The traffic court in Jerusalem on Monday remanded for three days a bus driver who was involved in a fatal accident on the Jerusalem-Tel Aviv highway on the previous evening, after a preliminary police investigation suggested he may have tampered with evidence after the crash.
Six people died and a dozen were injured in Sunday evening’s collision between the crowded intercity bus 402 and a truck near the city of Ramle.
The bus driver, Haim Bitton, 40, is suspected of obstruction of justice and negligent homicide, police said. According to suspicions, after the crash he tampered with the vehicle’s tachograph, a device installed in public buses that monitors the driver’s speed and has a role similar to the black box on an airplane.
The disk inside the tachograph details the speeds at which a vehicle was traveling over the preceding 24 hours.
Drivers need to insert a new disk with their name and the date at the beginning of every journey.
Officer Moshe Cohen, representing the police, said Bitton was arrested only 40 minutes after the collision and during that time made several phone calls.
“It was like the scene of a terror attack,” Cohen said.
The officer told the court that police at the scene and Bitton himself could not remove the disk from the tachograph; however, the bus driver said during his initial interrogation that he had removed and reinserted the disk in the moments after the crash.
“We confiscated the entire tachograph box and have not succeeded in opening it yet,” Cohen told the court. “I cannot even guarantee that the disk is inside.”
Bitton crashed on the same route in 2013, also smashing into a truck and overturning the vehicle on the main Jerusalem-Tel Aviv artery. Several passengers were injured in that incident, after which the Egged bus company banned him from intercity routes. The ban was only lifted a few weeks ago and he was permitted to drive the Jerusalem to Tel Aviv line once again, Channel 2 reported.
Photos of Sunday’s collision showed the right side of the bus wrenched apart. Channel 2 reported that a crane on the truck ripped the bus open, injuring and killing passengers seated on the right side.
Bitton told police Sunday that he didn’t notice the truck stopped on the side of the highway, and investigators believe the bus driver, through lack of attention, had swerved out of his lane and collided with the truck parked on the side of the road.
עשרות מתנדבי איחוד הצלה – רופאים, פרמדיקים וחובשים – טיפלו אתמול בפצועי תאונת הדרכים הקשה בכביש 1. כך נראתה זירת התאונה מרחפן שפעל במקום.
Posted by איחוד הצלה – הדף הרשמי on Sunday, 14 February 2016
The truck driver told police investigators he heard noises coming from his engine, so he stopped on the right shoulder of the highway. “Just as I got out of the truck, the same minute, the bus came and slammed into the rear end.”
The driver of the truck, an East Jerusalem man, suffered light injuries and was detained by police.
The bus was the 402 line from Jerusalem to Bnei Brak. It was filled to capacity with passengers, according to Channel 2.

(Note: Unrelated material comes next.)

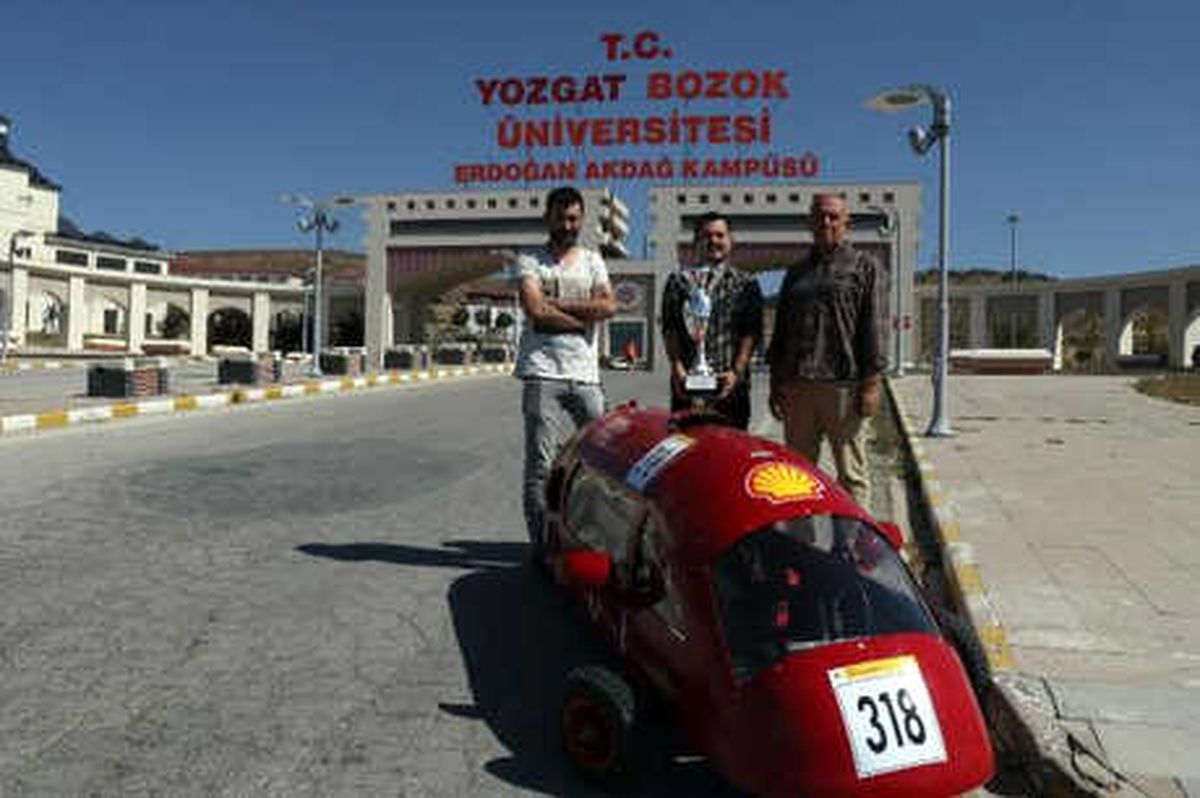 Bozok Üniversitesi\'nde Elektrikli Araç Gururu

A regular passenger on the 402 line who was familiar with the driver said he was often reckless and claimed he frequently broke safety codes. The passenger cited excessive speed, a failure to maintain a safe distance from other vehicles, and a failure to stay focused on the road. The passenger told Channel 2 that an accident like Sunday’s was merely a matter of time.
The victims of the crash were named on Monday as Yaakov Cheshin, 27; Yisrael Weinberg, 26; Hanna Pesha Frankel, 23; Levy Yitzchak Amedadi, 17; and Aharon Mordechai and Leah Malamud, two children whose ages were not authorized for publication.
Cheshin, a young ultra-Orthodox man, was on his way to a blind date in Bnei Brak set up by a matchmaker, Walla news reported. Weinberg was heading to a family wedding in the same city. Frankel and her husband had just celebrated their second wedding anniversary; her husband was also aboard and was lightly injured in the accident. All three were residents of Jerusalem. Amdadi was from the town of Yavne’el, near the Sea of Galilee.
Sara Shpringer, 20, of Jerusalem, remained in serious condition at Assaf Harofeh Medical Center in Rishon Lezion early Monday morning. She was undergoing surgery, but a doctor told Ynet that there was no immediate risk to her life.
Shpringer’s sister was among the dozen people lightly injured in the collision.